Rob Crilly, Times (London), Nov. 4, 2008
There’s only one thing to take to a Kenyan election victory feast: a goat. Preferably still breathing—“a sign of freshness”—and with big testicles, apparently the sign of quality breeding.
And so it was that I found myself bouncing along a dirt track towards the ancestral home of the Obamas in a saloon car with the sound of John the goat bleating miserably from the boot.
It had not been easy finding such a quality specimen. The local livestock market had mostly sheep and cattle, with only a few scrawny goats on hand.
Instead, John was spotted at the side of the road by my driver George, who was impressed by the size of its belly and, well, other attributes.
He was mine for 2500 shillings, a little under £20, and roughly the price of 20 pints of beer or eight malaria-proof bednets.
“This is a fine animal,” said Abongo Malik Obama, at the lush family homestead in the far west of Kenya, surrounded by grazing cattle and fields thick with maize. “You are certainly welcome now to stay and sit around the fire tonight.” By then John will be nyama choma—the Swahili term for grilled meat.
He was to be only one small part of a vast celebration feast starting last night and comprising four bulls, 16 chickens and assorted sheep and goats.
“We are Africans, so our plan is to slaughter a bull and have friends come over,” said Abongo, the candidate’s oldest half-brother.
“We invite Kogelo (the village where Mr Obama’s Kenyan family lives) to come over and it will be open house. People will just come on over and bring a couple of sodas.”
Losing has never been considered in a country gripped by Obamamania for the best part of four years.
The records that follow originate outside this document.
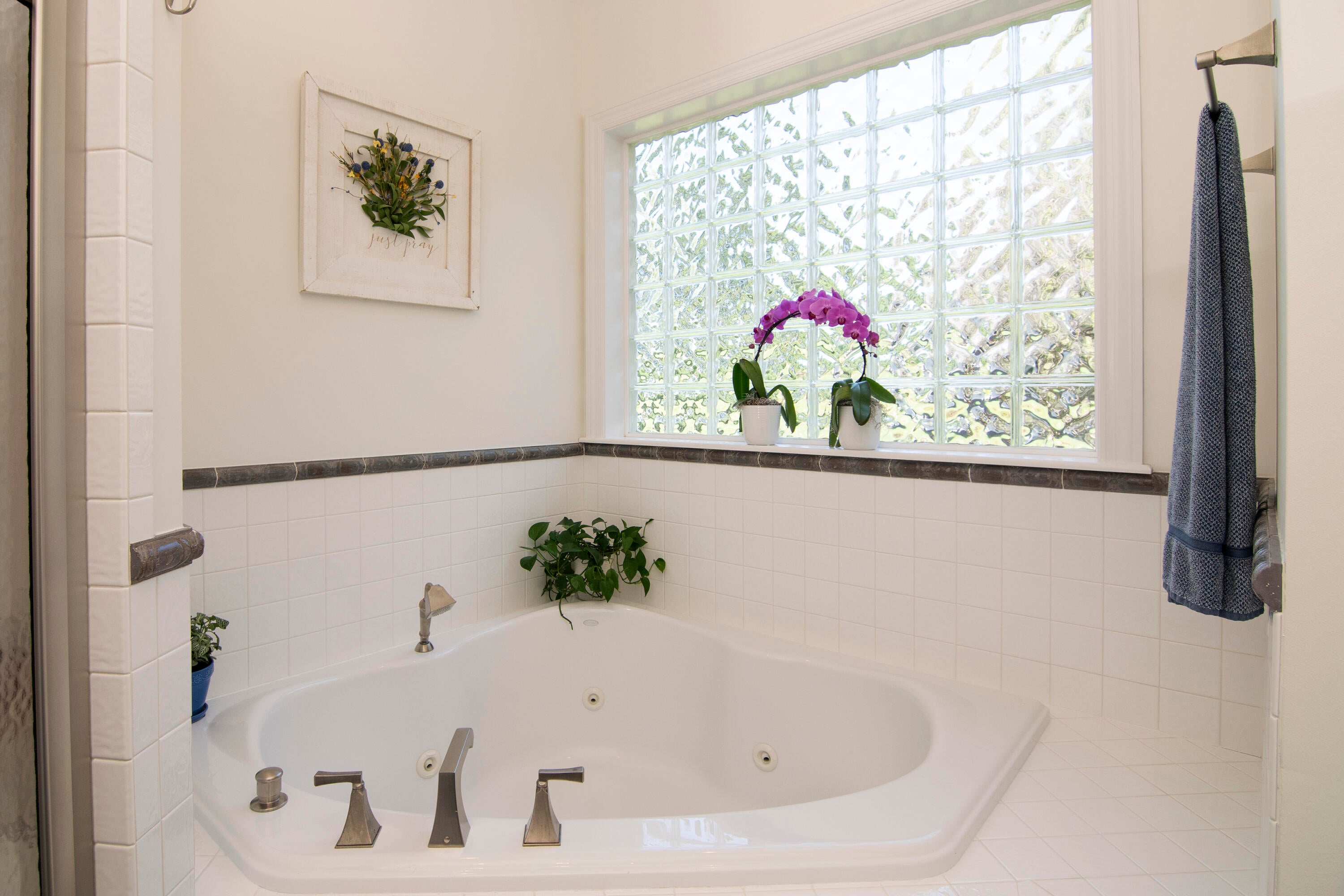 322 James River Road Lewisburg, WV 24901 - Photo 57 of 129 Master Bath
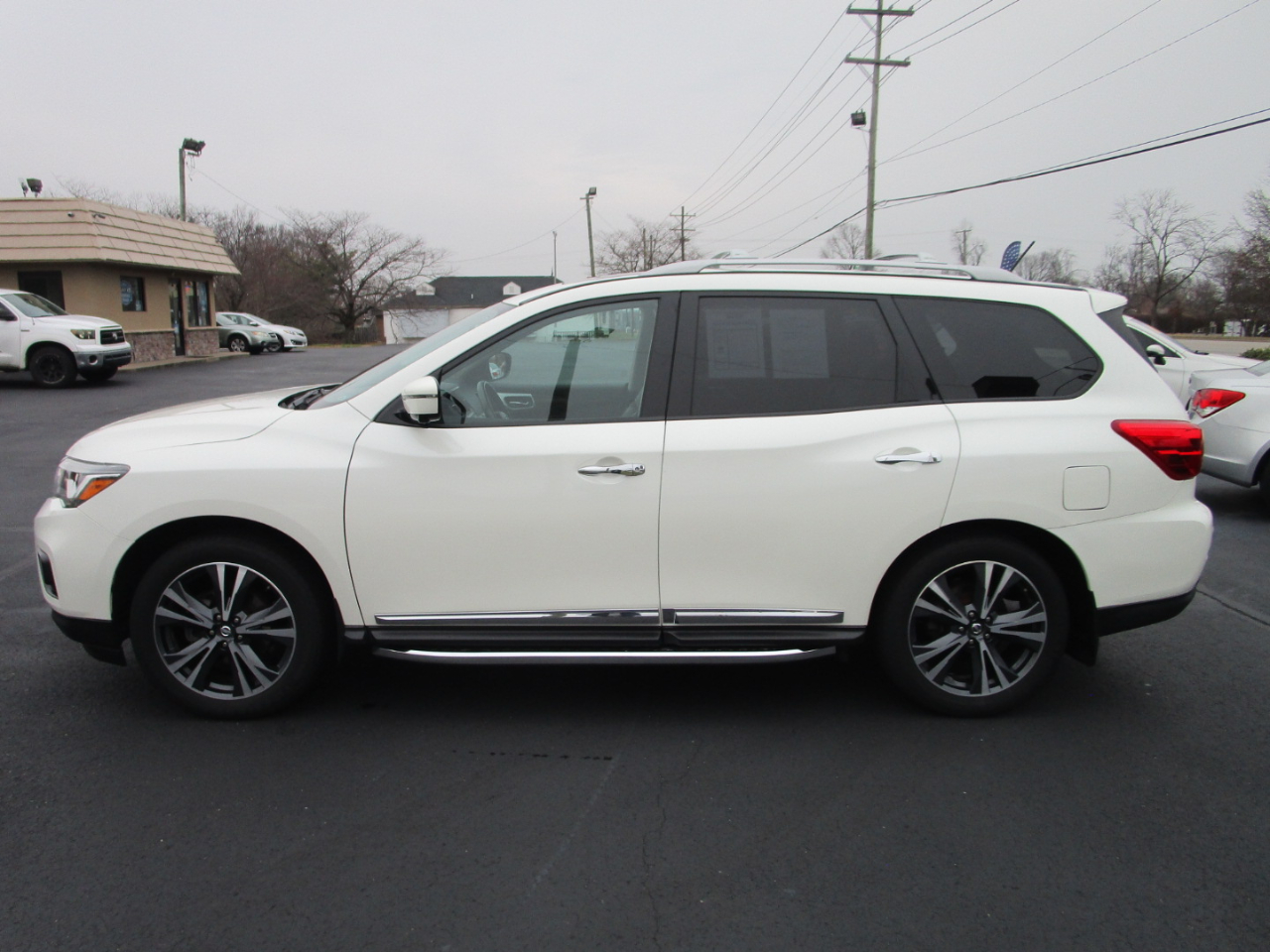 Nissan Pathfinder 4x4 Platinum 2017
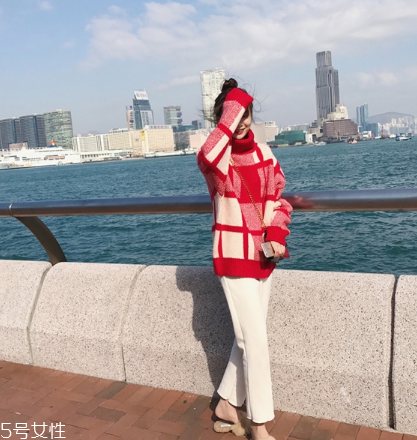 大紅色毛衣配什么顏色好看？色彩搭配很重要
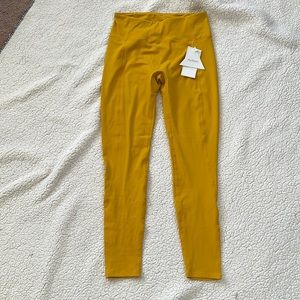 New, Buffbunny leggings perform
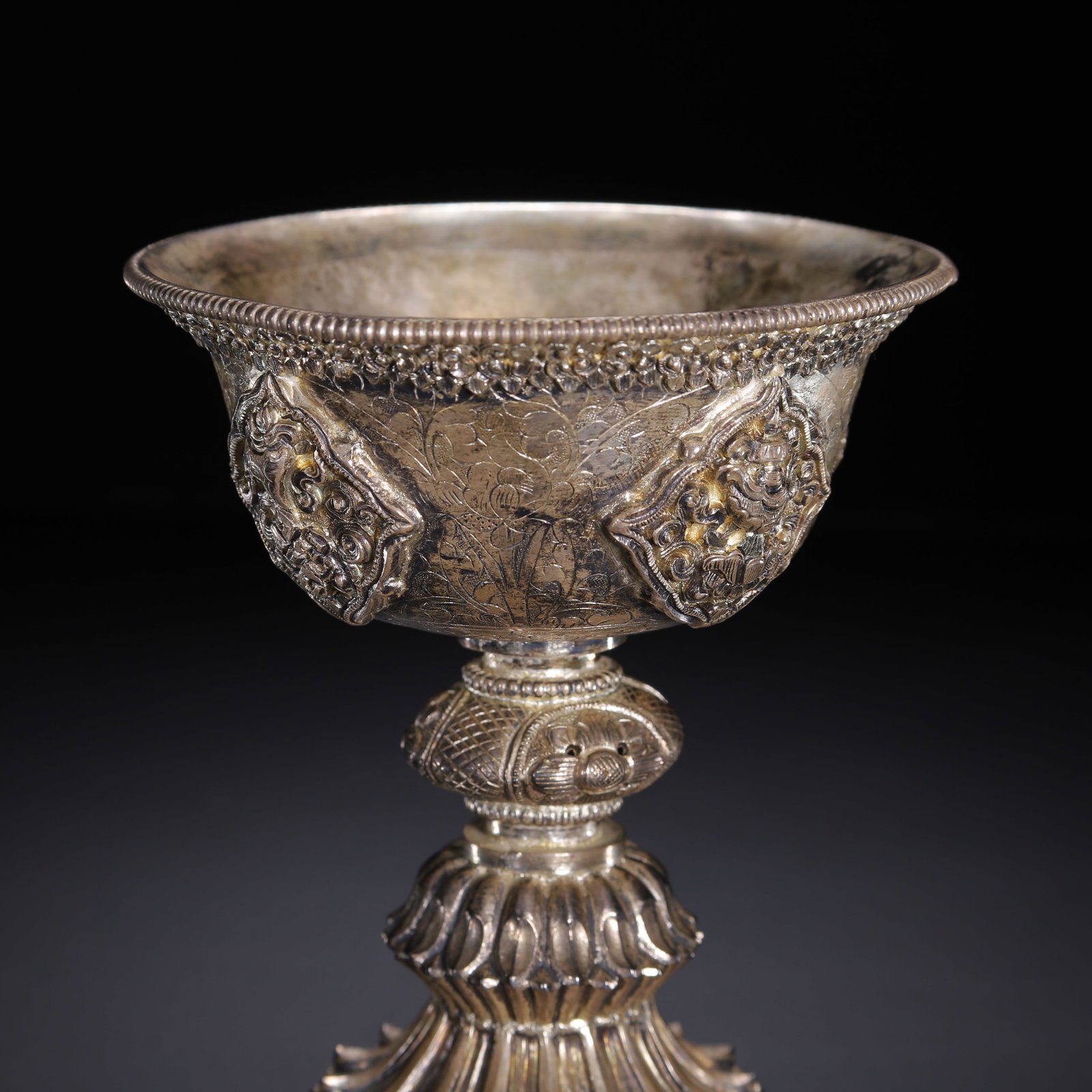 A Tibetan-style silver cup - 2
Ever since their “lost son” was elected to the Senate everyone has been expecting him to become president.
Every twist and turn of his primary battle and general election campaign have been followed in the local papers and on television in the belief that his rise was inevitable.
Today, early signs of celebration were obvious everywhere, long before the polls opened.
American flags hung from trees in the city centre of Kisumu, the regional capital, and flapped from the handlebars of bicycle taxis.
The Jamaican reggae hit, “Barack Obama”, by Cocoa Tea boomed from matatus—the battered minibus taxis that most locals use to get around.
And bars were setting up big screens so that patrons could watch television coverage from the US as a whole nation held its breath for the signal to celebrate.
In Kogelo, women peeled onions and stoked cooking fires—yet another reminder of the vast gulf between his American dream and their African reality.
Children rehearsed their songs ahead of a party being held at a neighbouring school, the Senator Barack Obama Secondary School, while gospel music pumped from a marquee where priests were praying for victory.
Abongo, sitting in front of the tin-roofed shack that once belonged to Obama’s father, a government economist who died in a car accident more than two decades ago, said dozens of family members had congregated for a historic event.
“The reason we are here is that we are looking forward to a great day to celebrate,” he said, rubbishing any suggestion that Mr McCain might win. “We are not considering that possibility. I am not,” he said confidently, as a cock crowed in the shade of a mango tree.” The first stage of the celebrations was starting tonight.
Relatives, including some from England, were planning to stay up watching the results start to filter across the Atlantic.
Tomorrow, they will move to the neighbouring school where the chickens are breathing their last.
“It’s going to be chaotic,” said Ben Semel, from New York, who was helping organise the feast, “especially when everyone goes through the election night without sleeping.”